Dr. Wells is an active birder and for 12 years was a member of the Cornell Lab of Ornithology Sapsucker's birding team, which won the prestigious World Series of Birding in 2001 and 2002. His contributions as a member of the World Series team were instrumental in helping the Lab raise more than $150,000 each year for the Lab's conservation work. Dr. Wells has birded throughout much of the North American continent from the Northwest Territories of Canada to Veracruz, Mexico, and in the Caribbean, where he has led birding trips in the Lesser Antilles and is an expert on the birds of Aruba, Bonaire, and Curacao. To promote conservation on the islands, he and his wife Allison Childs Wells have created the websites www.arubabirds.com and www.bonairebirds.com. Dr. Wells has been active in bird conservation at every level from working with local land trusts to purchase land for Cerulean Warblers to developing bird conservation plans for IBAs and ecoregions. He spent much of the 1980s researching and working to protect grassland birds in a rare remnant native grassland in southern Maine—work that led to the purchase of the site for conservation. His work now focuses on conservation of the largest remaining wilderness area in North America—Canada’s Boreal Forest—especially through advocating for establishment of large, multi-million acre protected areas. He also serves on the board of the Boothbay Region Land Trust and on the Penobscot River Restoration Trust’s Science Steering Committee.

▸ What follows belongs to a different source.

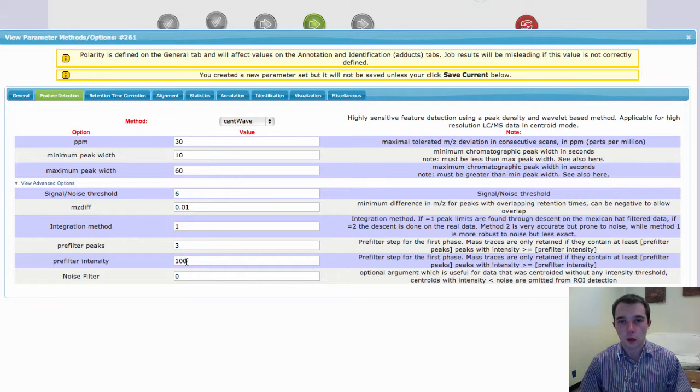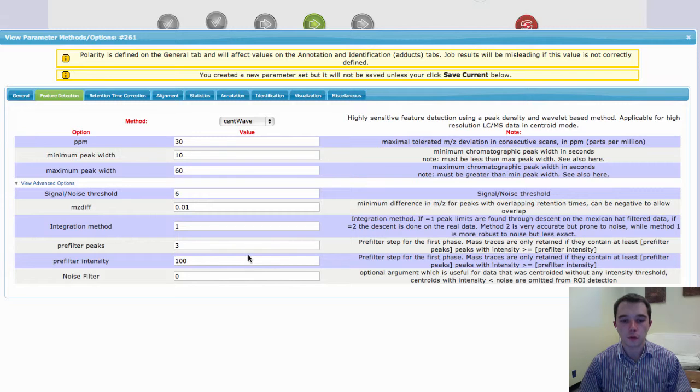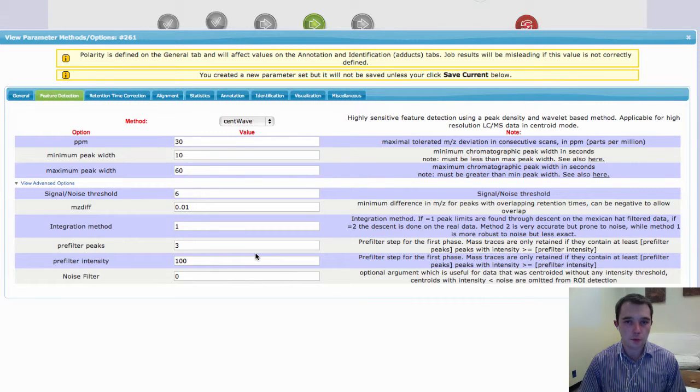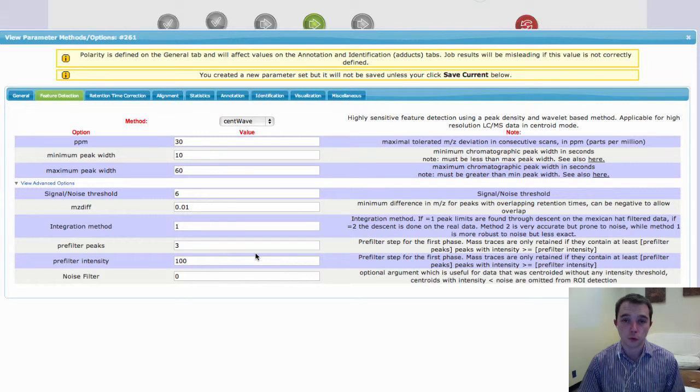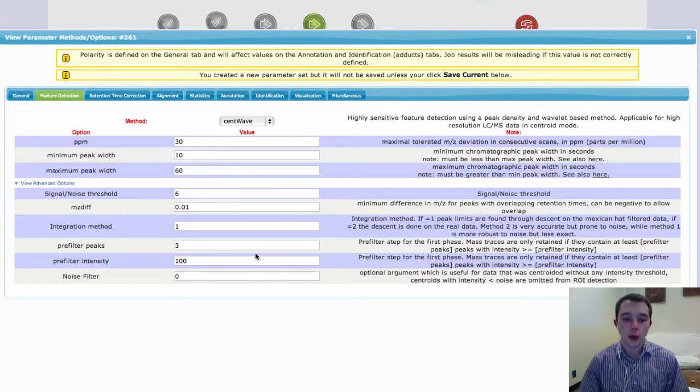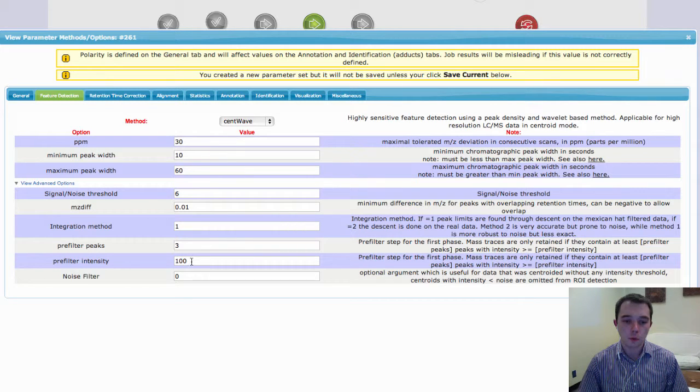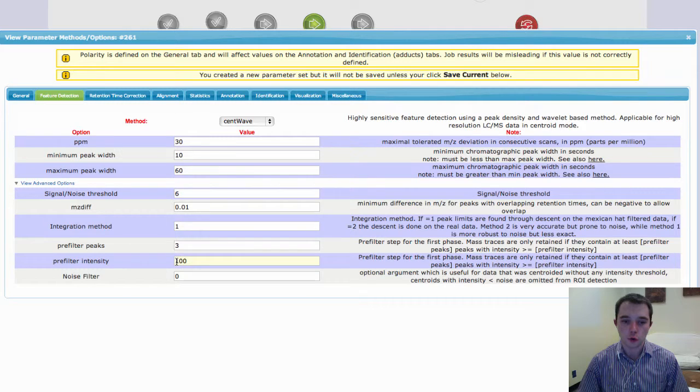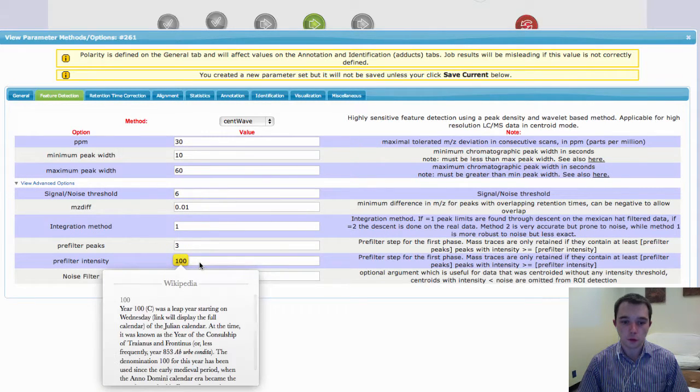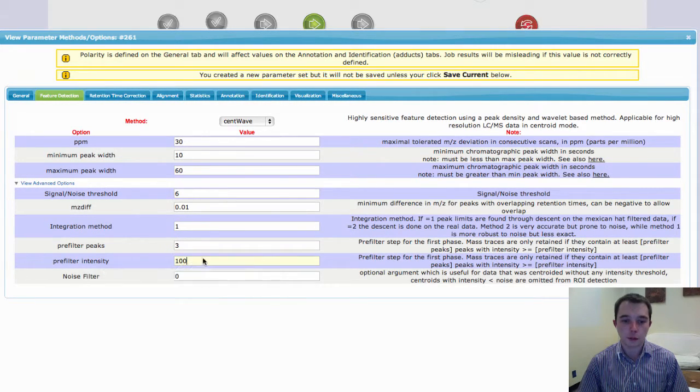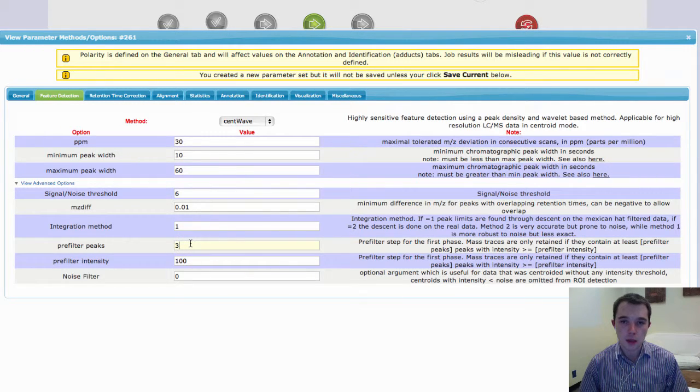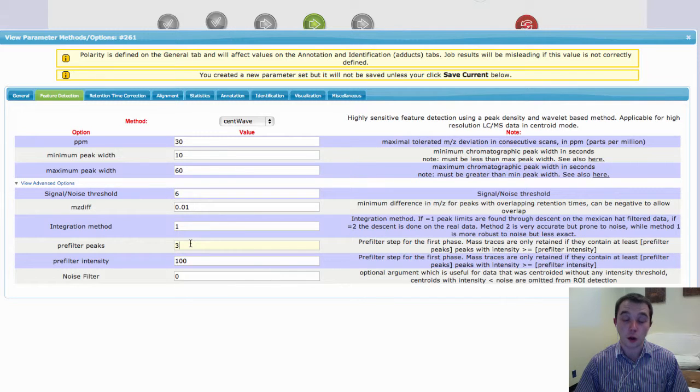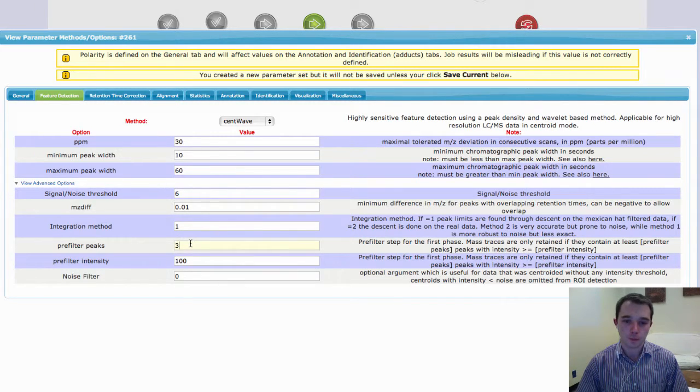The other thing that I want to just touch on here quickly is this pre-filter idea in CentWave. Just because this is used quite a lot, and it depends upon your instrument, how long your scan rate or duty cycles are. And so essentially what the pre-filter is saying is that we need a minimum of 100 counts for each one of your scans. And you need that peak to be up above 100 counts for a minimum of 3 scans.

Dr. Wells is an active speaker and writer. He maintains a blog for the Boreal Songbird Initiative at www.borealbirds.org/blog and has authored or co-authored hundreds of scientific papers, reports, and popular articles on birds and bird conservation . These include several family accounts co-authored with his wife Allison, in the Sibley Guide to Bird Life and Behavior. His book, Birder's Conservation Handbook: 100 North American Birds at Risk, published in Fall 2007 by Princeton University Press, is the first of its kind—a bird book for bird conservation. Wells lives in Gardiner, Maine, with his wife, young son, and two indoor cats.